Yes there will definitely be some duds, but why should the entrepreneur be
expected to identify a product niche AND risk everything for it AND be able to
fully validate the business concept enough to make big life decisions about
it?

Dandelion is to remove the stasis that having a good day job creates. We
provide vetting, validation, help with proof of concept, find out if the
rubber meets the road, etc.

When you're ready to pitch to an angel your pitch will be 100x better, and
you'll know what you're getting into, and if you met some people whose ideas
didn't pan out, you now have a pool of potential co-founders or early hires
who you know are looking for an early stage idea to get behind.

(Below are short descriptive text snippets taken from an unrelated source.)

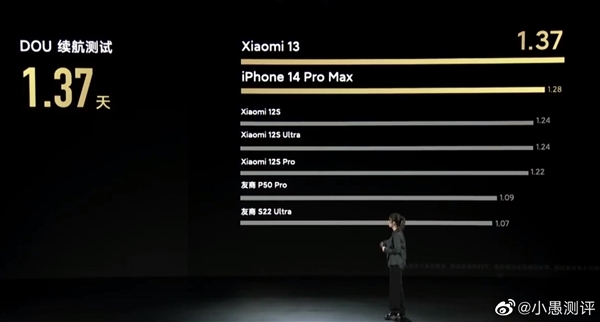 小米13續(xù)航測試超過iPhone 14 Pro Max！雷軍：死磕續(xù)航、流暢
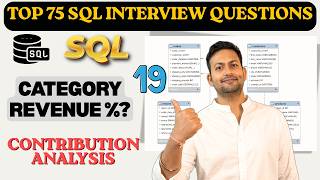 Category Wise Revenue Contribution % | Subquery vs SUM() OVER() | SQL Interview #19 | Ecommerce SQL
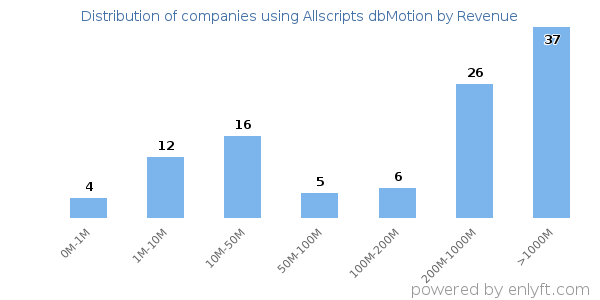 Allscripts dbMotion clients - distribution by company revenue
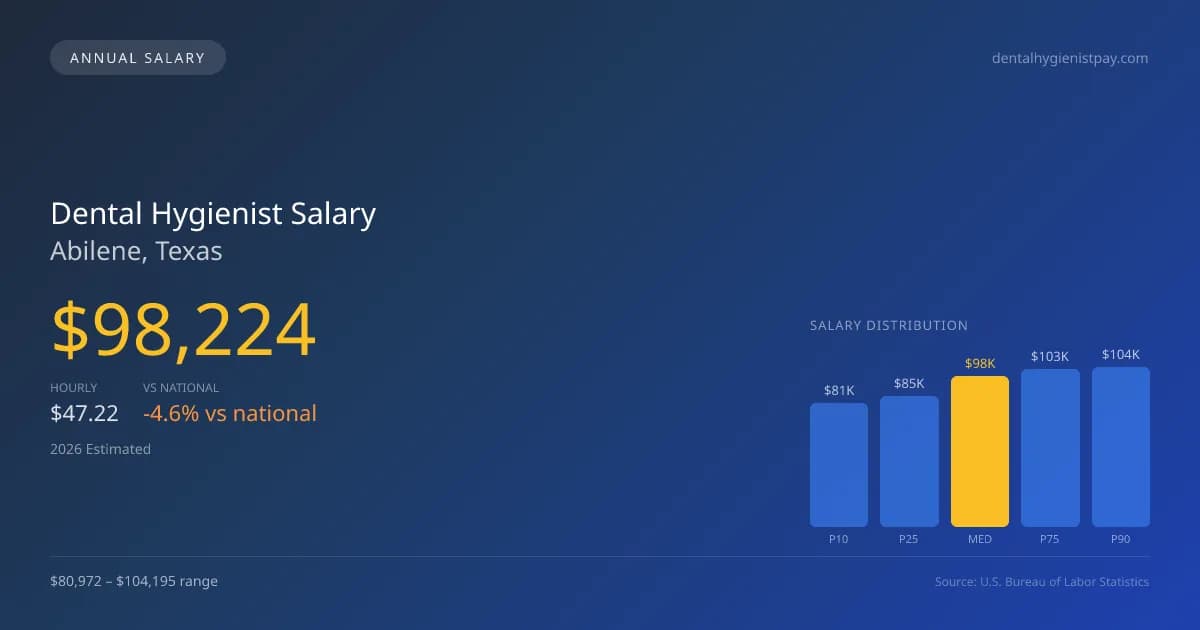 Dental Hygienist Salary in Abilene, TX — 2026 est., based on 2025 BLS
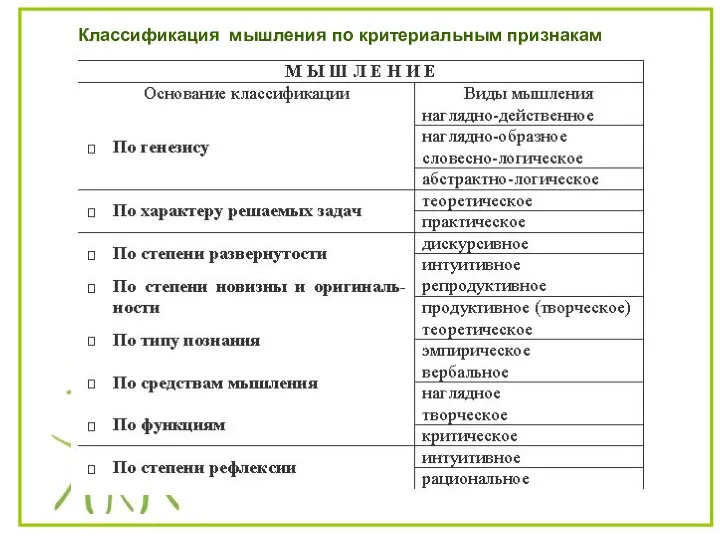 Классификация мышления по критериальным признакам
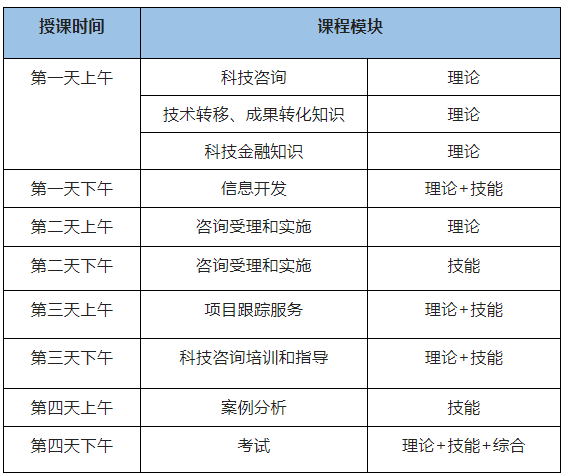 關于舉辦《高級科技咨詢師(職業一級)》(師資方向)國家職業技能培訓班的通知
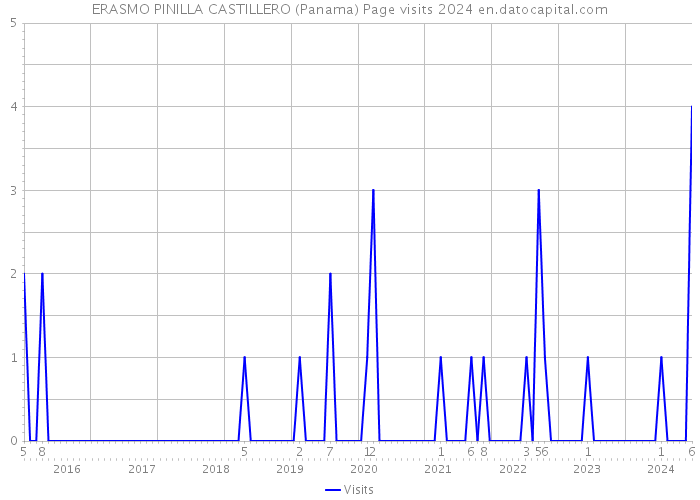 ERASMO PINILLA CASTILLERO (Panama) Page visits 2024 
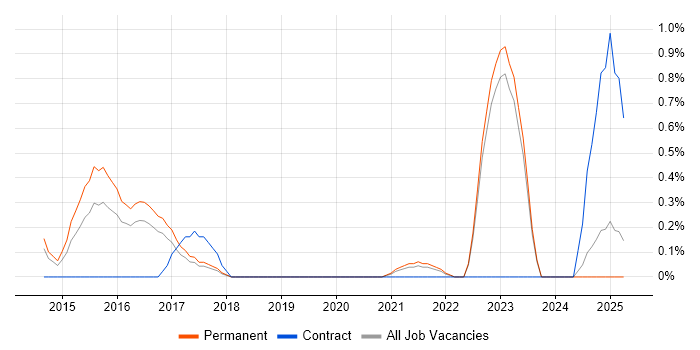 Job vacancy trend for Full-Stack PHP Developer in Southampton Job vacancy trend for Full-Stack PHP Developer in Southampton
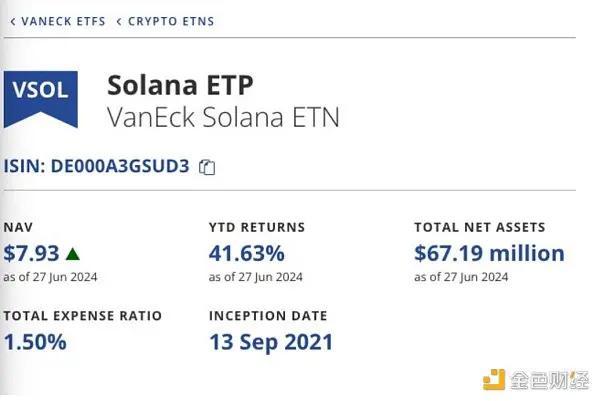 机构客户、美国大选？谁在背后助推Solana现货ETF？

In today's market, having a talented team ready to start is the #1 thing any
investor should look for before investing serious money. Dandelion helps
exceptional people seriously consider doing a startup, and helps build the
early teams that make the company a good angel investment.

And yes, you'll get a cheap/fast way to formalize the company when the time is
right.

------
MattBearman
Is it wrong that the first thing I though when I saw that page was 'Twitter
Bootstrap'? Think I need to get out more...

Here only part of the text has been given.